No Pseudonymity in Case Alleging Defendant “Inappropriately Smack[ed Plaintiff’s] Buttocks”

From Doe v. Oeser (E.D. Pa.), decided last month by Judge Joshua Wolson (E.D. Pa.):

Ms. Doe’s Complaint alleges that on November 8, 2021, Defendant Michael Oeser stalked, harassed, and sexually assaulted her while they attended a work-related conference at a Marriott hotel in Philadelphia, Pennsylvania. Specifically, Ms. Doe alleges that while he was intoxicated, Mr. Oeser made “racially disparaging offers of employment” to Ms. Doe to work as a babysitter for his children and that he sexually assaulted her by “forcibly and inappropriately smack[ing] [her] buttocks ….” All of her claims stem from this incident.

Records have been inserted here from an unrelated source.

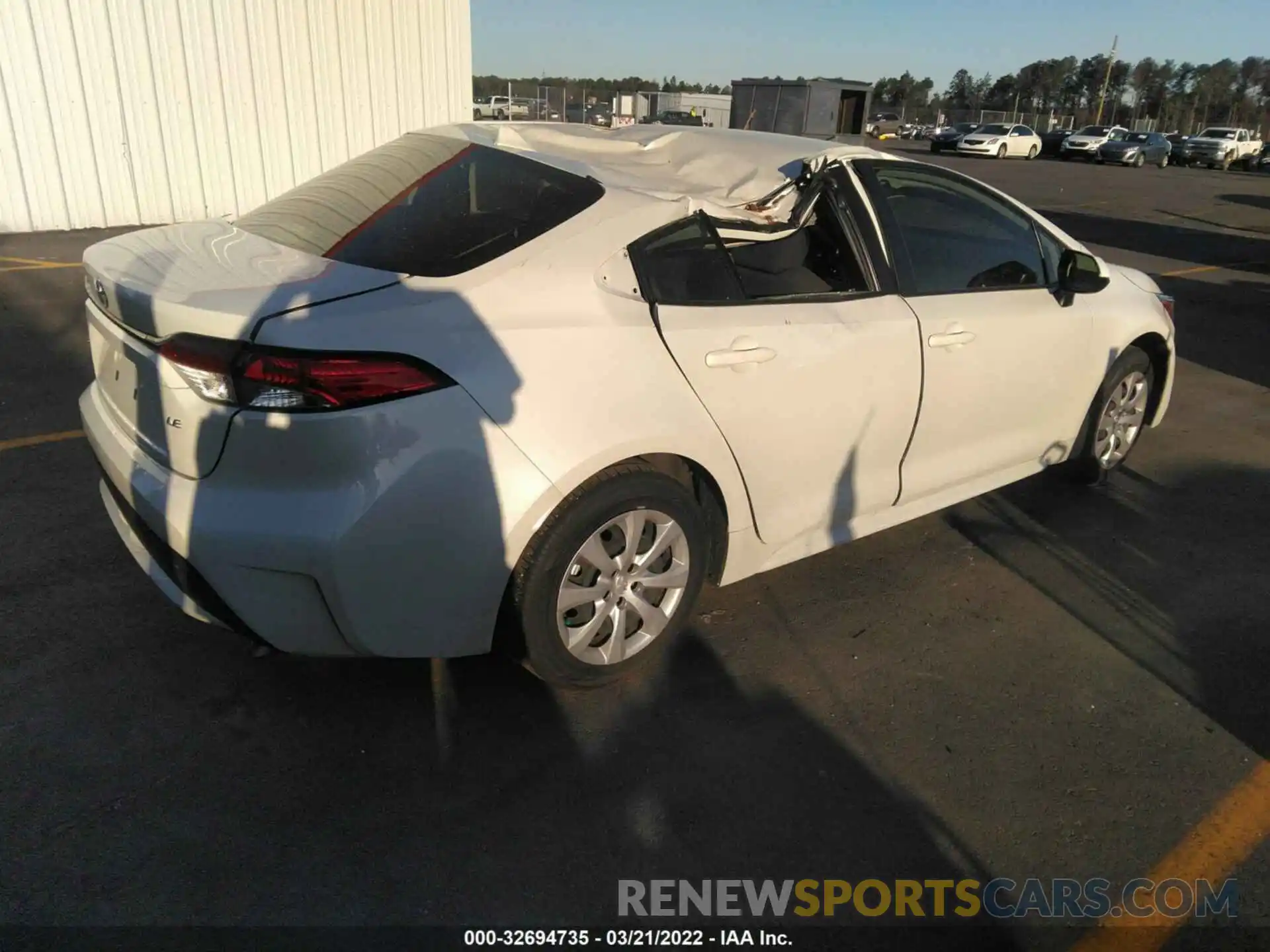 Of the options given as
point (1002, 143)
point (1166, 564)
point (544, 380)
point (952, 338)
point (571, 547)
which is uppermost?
point (544, 380)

Necessarily, then, this lawsuit will involve details surrounding the alleged sexual assault and Ms. Doe’s resulting injuries. Given the nature of her claims, Ms. Doe wants to maintain her privacy, but her preference for privacy is not a sufficient reason to permit her to litigate this case using a pseudonym.

Federal Rule of Civil Procedure 10(a) requires all parties to be named in the case caption. This rule “illustrates ‘the principle that judicial proceedings, civil as well as criminal, are to be conducted in public.'” Indeed, “[t]he people have a right to know who is using their courts.” Thus, a party will be permitted to proceed on an anonymous basis only in “exceptional cases.” The potential for embarrassment is not sufficient. Instead, to proceed using a pseudonym, the movant “must show ‘both (1) a fear of severe harm, and (2) that the fear of severe harm is reasonable.'” Once the party makes that showing, the Court must consider a variety of factors to determine whether that party’s reasonable fear of severe harm outweighs “the public’s strong interest in an open litigation process.” The Court need not consider those factors at this time, however, because Ms. Doe has not made the requisite showing of a reasonable fear of severe harm.

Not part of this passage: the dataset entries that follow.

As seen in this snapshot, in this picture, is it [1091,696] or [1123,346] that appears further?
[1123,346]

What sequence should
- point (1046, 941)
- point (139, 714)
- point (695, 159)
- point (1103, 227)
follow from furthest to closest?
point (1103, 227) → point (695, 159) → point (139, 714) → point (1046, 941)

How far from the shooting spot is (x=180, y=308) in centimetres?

Ms. Doe points to four alleged harms that she fears will occur if her identity is disclosed: (a) she “will be re-traumatized as a survivor of assault;” (b) she “will be subject to public ridicule and scorn;” (c) she “will be subject to other emotional and reputational harms;” and (d) her “safety may be compromised through actions of [Mr. Oeser] and/or those that support him.”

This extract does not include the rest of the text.